#### [Exercise requirements]
For this task, output every entry below exactly and omit the pictures.

#### [Data excerpts]
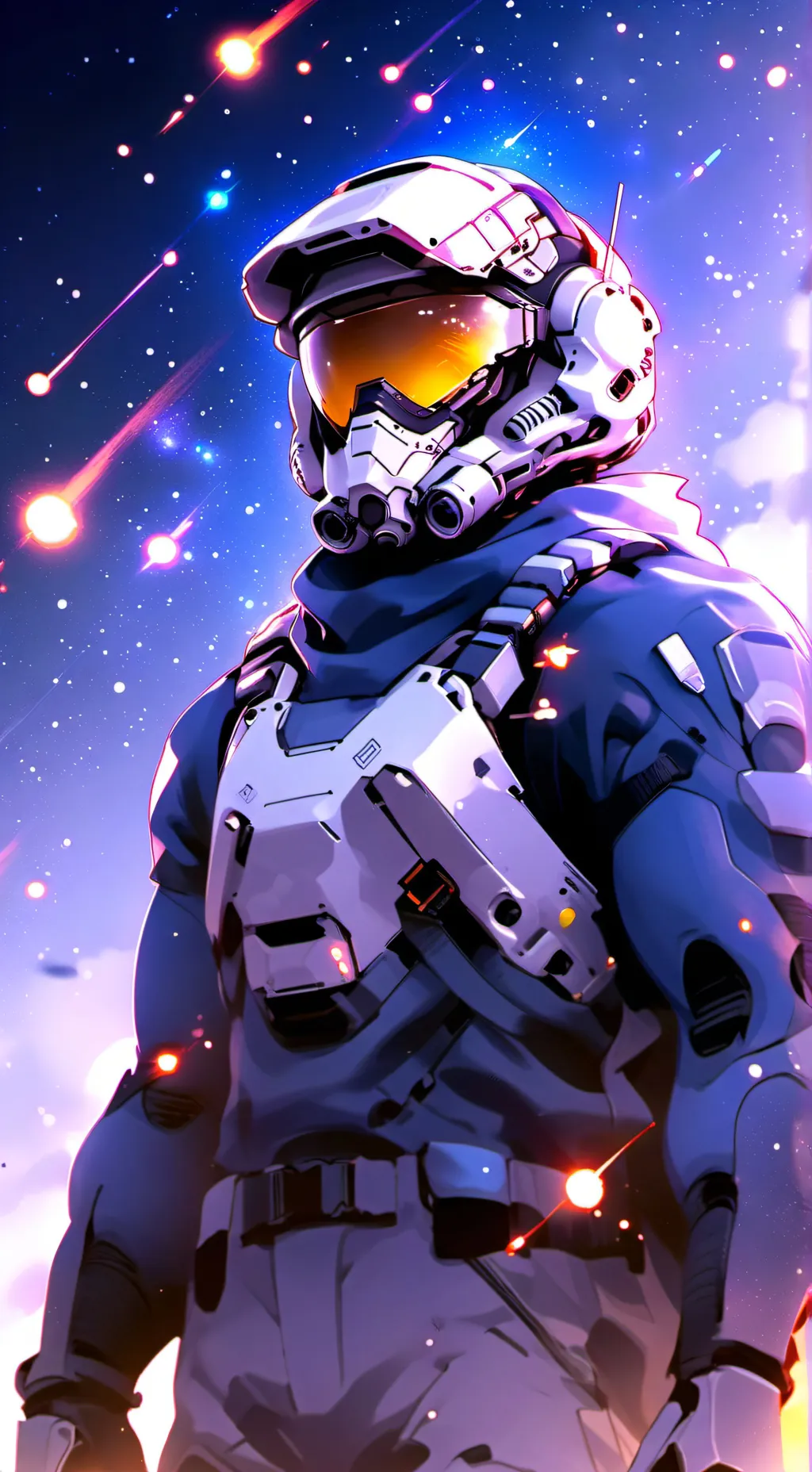ai character: Lázaro background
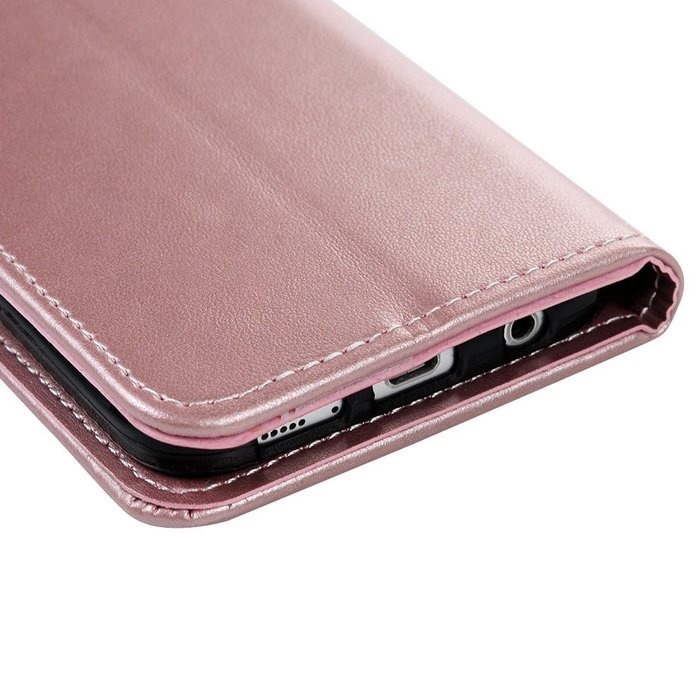 S7 Case,Samsung Galaxy S7 Case - Wallet Embossed Flowers Smart Magnetic Close High Quality Premuim PU Leather... N24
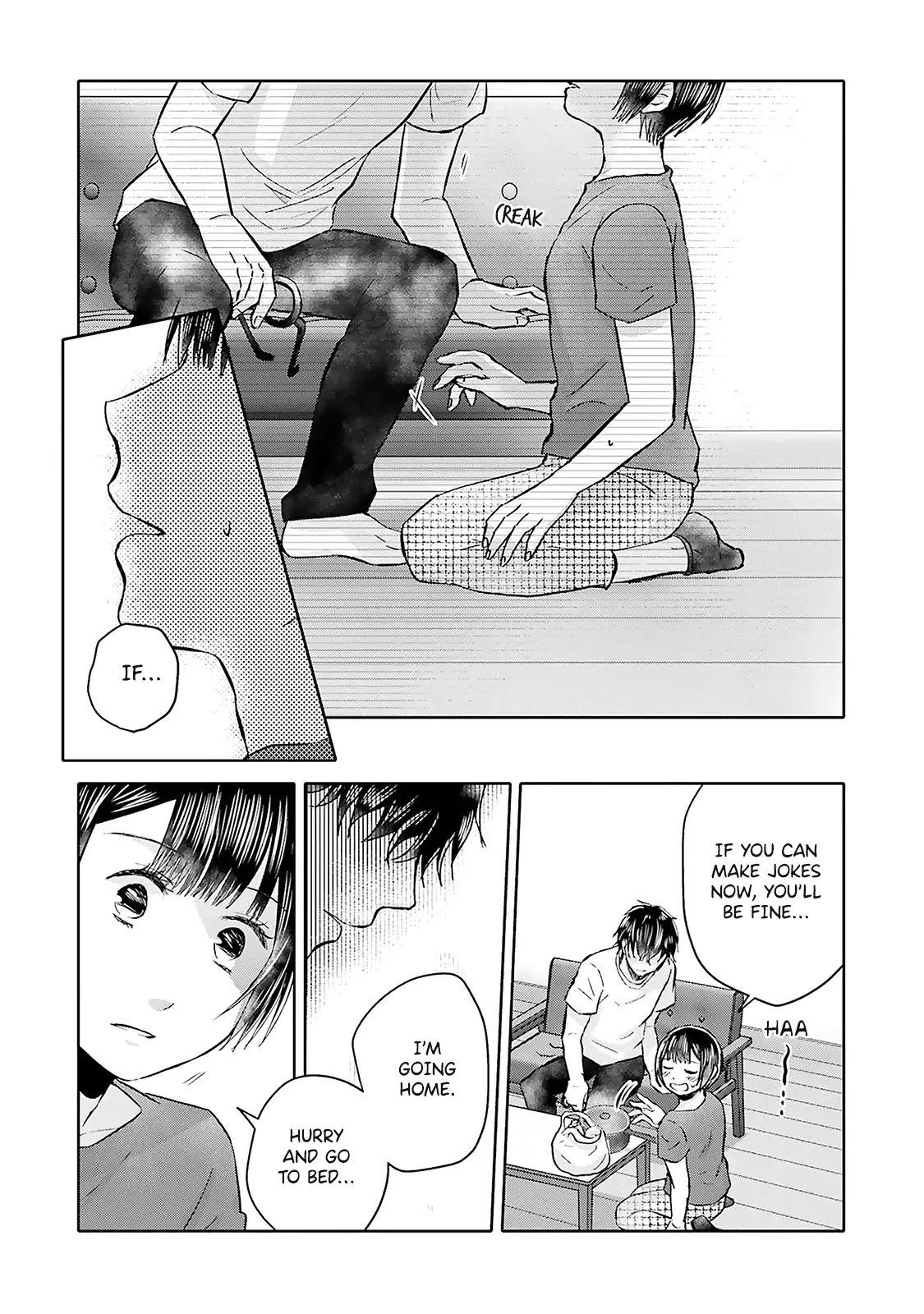 Tonari No Aki To Wa Kakawaranai - Chapter 8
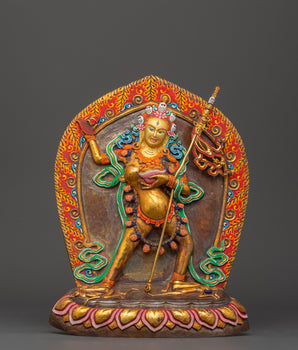 Gold-Plated Vajrayogini Statue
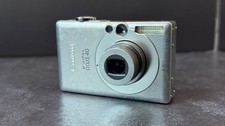 Canon IXUS 40 4.0MP Compact Digital Camera - Silver (Spares/Repair)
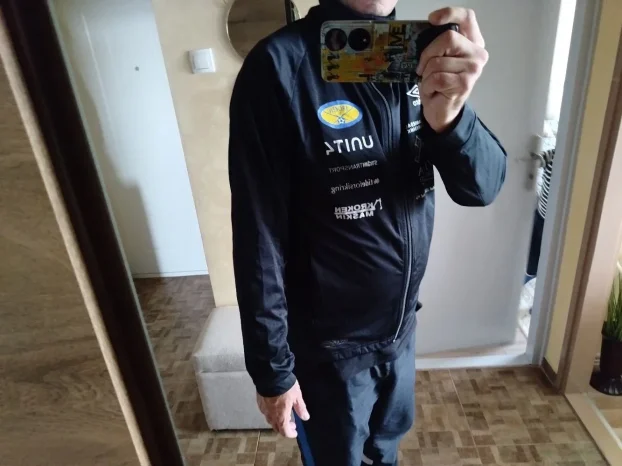 Umbro UX-1 Performance jakna XL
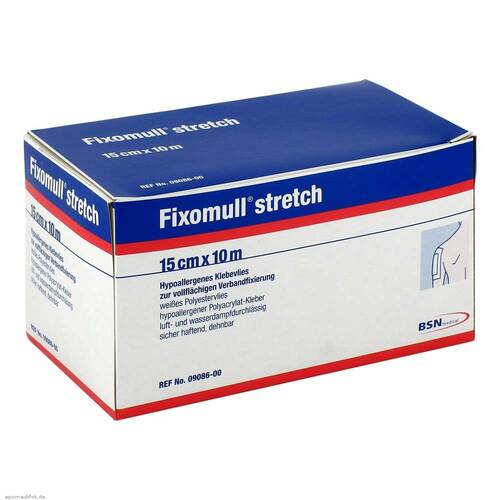 Fixomull stretch 15 cmx10 m - 1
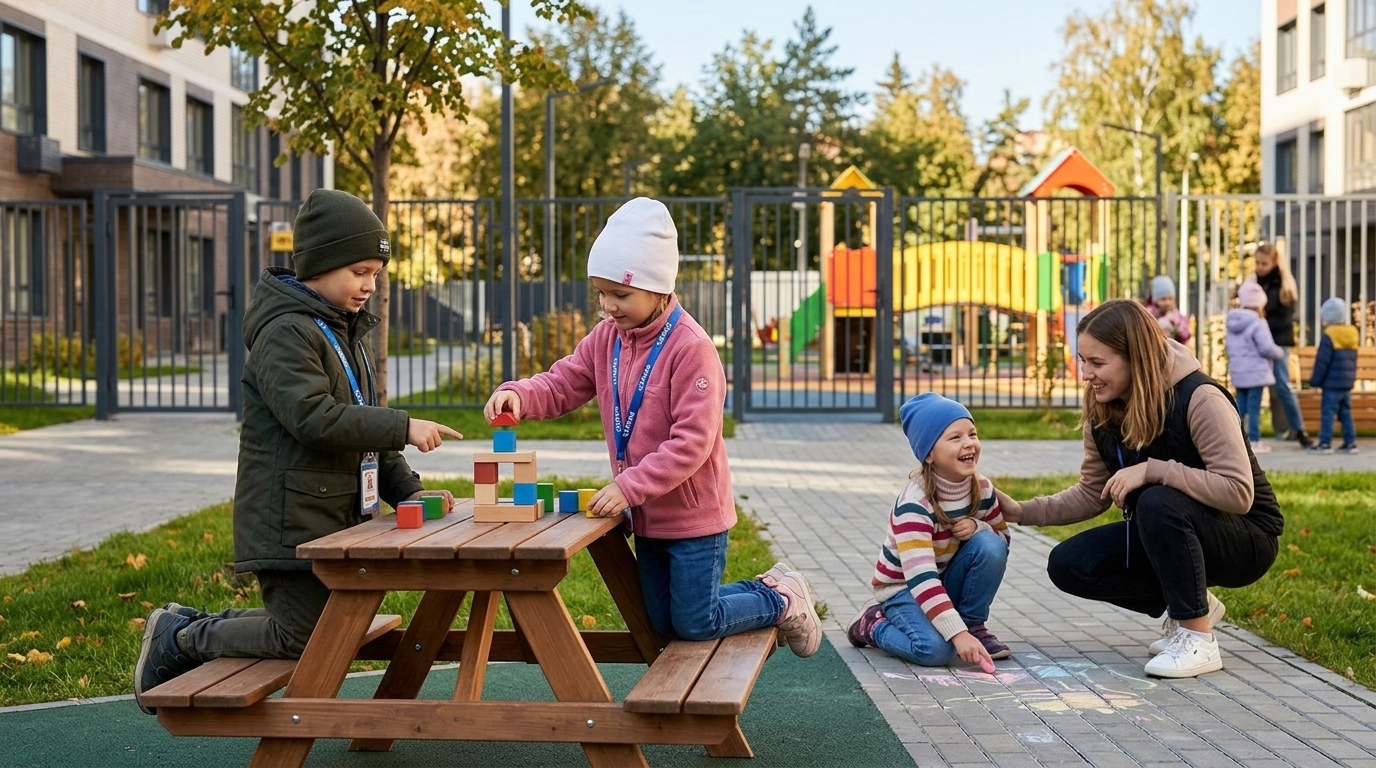 Детская продленка в SAPSAN: безопасность и развитие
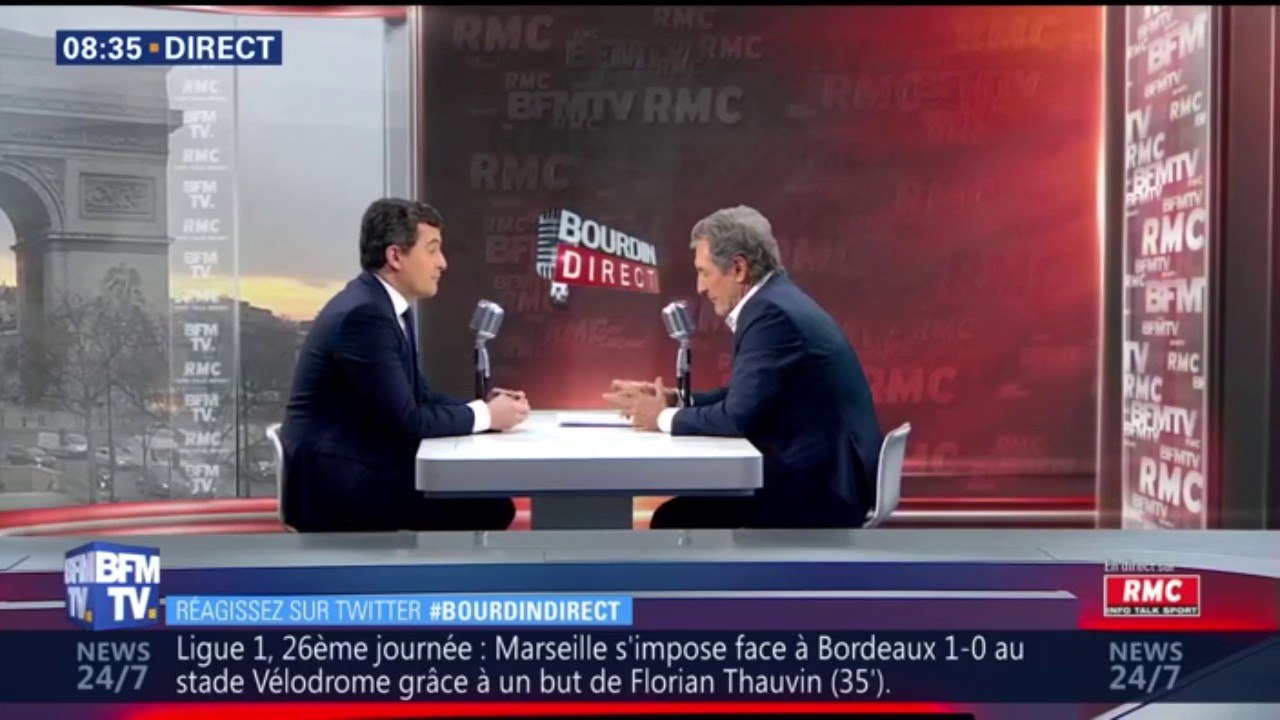 Darmanin : "Je n'ai jamais abusé d'aucune femme et je n'ai jamais abusé de mon pouvoir"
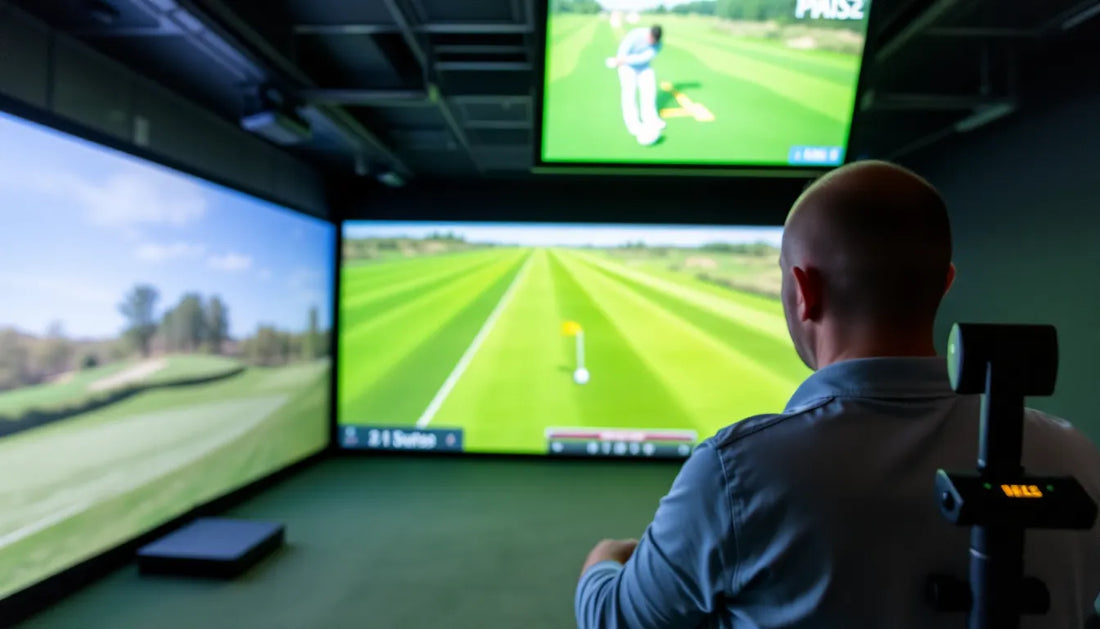 Square Golf Simulator Package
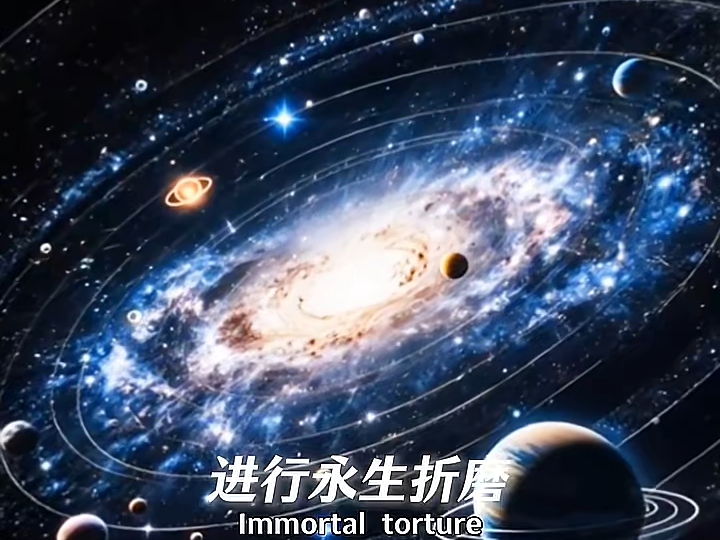 银河系的星际种子辛苦了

#### [Reply to the task]
ai character: Lázaro background
 S7 Case,Samsung Galaxy S7 Case - Wallet Embossed Flowers Smart Magnetic Close High Quality Premuim PU Leather... N24
 Tonari No Aki To Wa Kakawaranai - Chapter 8
 Gold-Plated Vajrayogini Statue
 Canon IXUS 40 4.0MP Compact Digital Camera - Silver (Spares/Repair)
 Umbro UX-1 Performance jakna XL
 Fixomull stretch 15 cmx10 m - 1
 Детская продленка в SAPSAN: безопасность и развитие
 Darmanin : "Je n'ai jamais abusé d'aucune femme et je n'ai jamais abusé de mon pouvoir"
 Square Golf Simulator Package
 银河系的星际种子辛苦了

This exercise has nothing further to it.